DESCRIPTION OF THE TASK:
Every line from the one containing "ASOS Aztec mexican" through the end of the data is to be copied exactly, and nothing outside that range.

SOURCE DATA:

◆ ◆ ◆ ◆

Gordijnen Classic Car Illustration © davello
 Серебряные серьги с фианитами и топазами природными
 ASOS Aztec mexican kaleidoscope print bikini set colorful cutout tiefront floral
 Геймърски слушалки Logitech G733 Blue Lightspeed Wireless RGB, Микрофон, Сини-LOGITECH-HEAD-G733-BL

◆ ◆ ◆ ◆

SOLVED EXERCISE:
 ASOS Aztec mexican kaleidoscope print bikini set colorful cutout tiefront floral
 Геймърски слушалки Logitech G733 Blue Lightspeed Wireless RGB, Микрофон, Сини-LOGITECH-HEAD-G733-BL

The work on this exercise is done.